Research Interests

My group’s chemistry is focused on developing and understanding catalytic chemical transformations. The ability to streamline the efficiency of current and future industrial catalytic processes is a key element in societies’ reduction of energy usage for a greener future. This research field encompasses more traditional redox active metal based catalysis to recently developed Frustrated Lewis Pair (FLP) catalysis. In particular I am interested in accessing alternate reaction pathways and reaction products through the use of Z-type ligands (electron pair acceptors) and carbocation Lewis acids. 

Frustrated Lewis Pair (FLP) small molecule activation and catalysis

Imine hydrogenation catalysed by a Frustrated Lewis Pair (see: Org. Biomol. Chem., 2008, 6, 1535).
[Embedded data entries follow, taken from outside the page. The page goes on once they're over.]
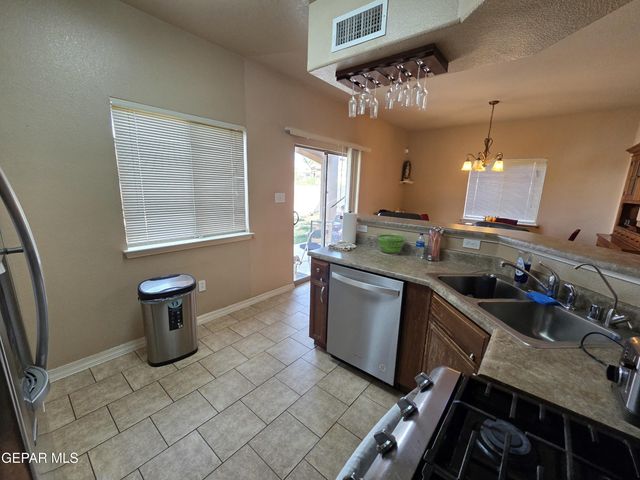 1553 LUZ DE SOL Drive, El Paso, TX 79912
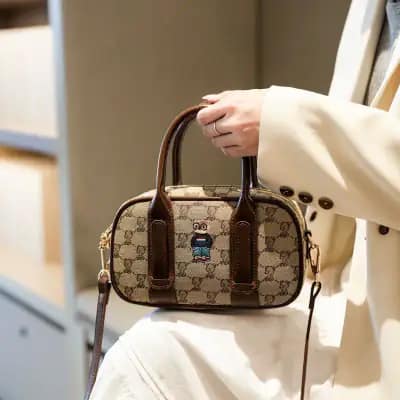 کیف وارداتی تدی گلدوزی بند چرمی کرمی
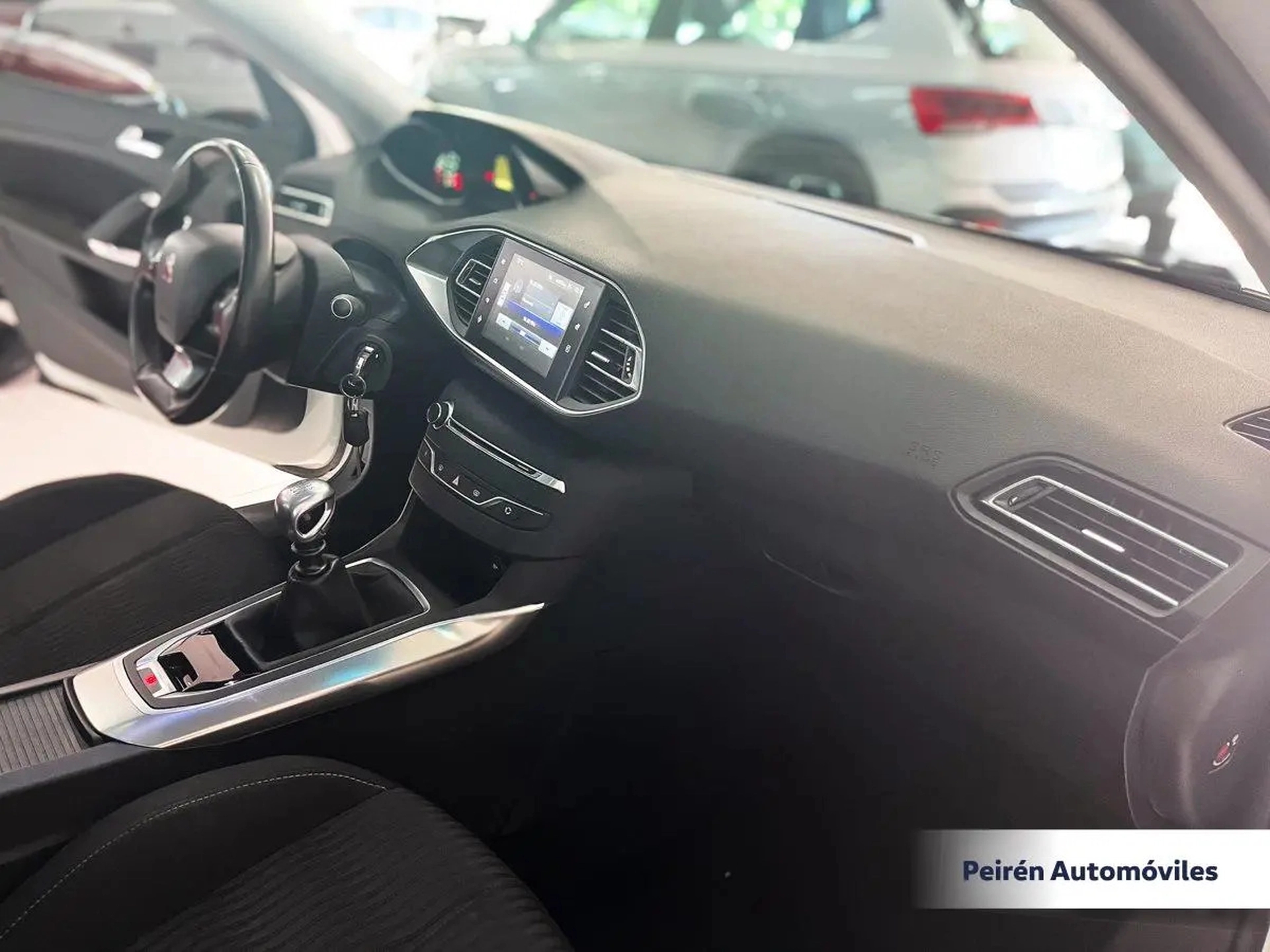 Peugeot 308 Active 1.6 2015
The emergence of Frustrated Lewis Pairs (FLPs) has led to the activation of small molecules using group 13 and 15 centres. This chemistry has been developed into useful chemical  transformations, where the group 15 molecule has been transformed. We are currently exploring catalytic reactivity of customised FLP.


References:

Polyhedron, 2016, 120, 36–43. 

PCcarbeneP pincer complex chemistry

PCP pincer complexes featuring alkylidene central donors have shown huge potential in synergistic metal-ligand bond-activation chemistry. Unfortunately, these ligands are often difficult to access, especially for base metal examples. Our group has found new ways to access such complexes and is currently exploring their potential in challenging bond-activation processes and metal-ligand cooperative catalysis.


 

References:

1. Organometallics, 201736 (16), 3117–3124.

2. Dalton Trans., 2017, 46 (44), 15407–15414.

3. Chem. Sci. 2018,  Advance Article.

Acidic metal hydride chemistry

Traditionally, metal hydrides are thought of as being basic in nature. Through the use of phosphine-based pincer-type ligands, we are developing ever more acidic metal hydrides that can undergo alternate reactivity with a number of substrates as compared to their more traditionally basic counterparts.


References:

Organometallics, 2017, 36 (8), 1609–1617.

Main-group catalysis

The incorporation of C-F bonds into organic molecules is driven by the many desirable characteristics that fluorocarbons possess. Given their ever-increasing abundance in chemical industries, one area of focus in the research group is in the catalytic transformation of inert C-F bonds to other synthetically useful groups, via the use of main group Lewis acidic catalysts.

 

References:

1. RSC Adv. 2016, 6, 42708–42712.

2. Org. Lett., 2017, 19 (7), 1934–1937.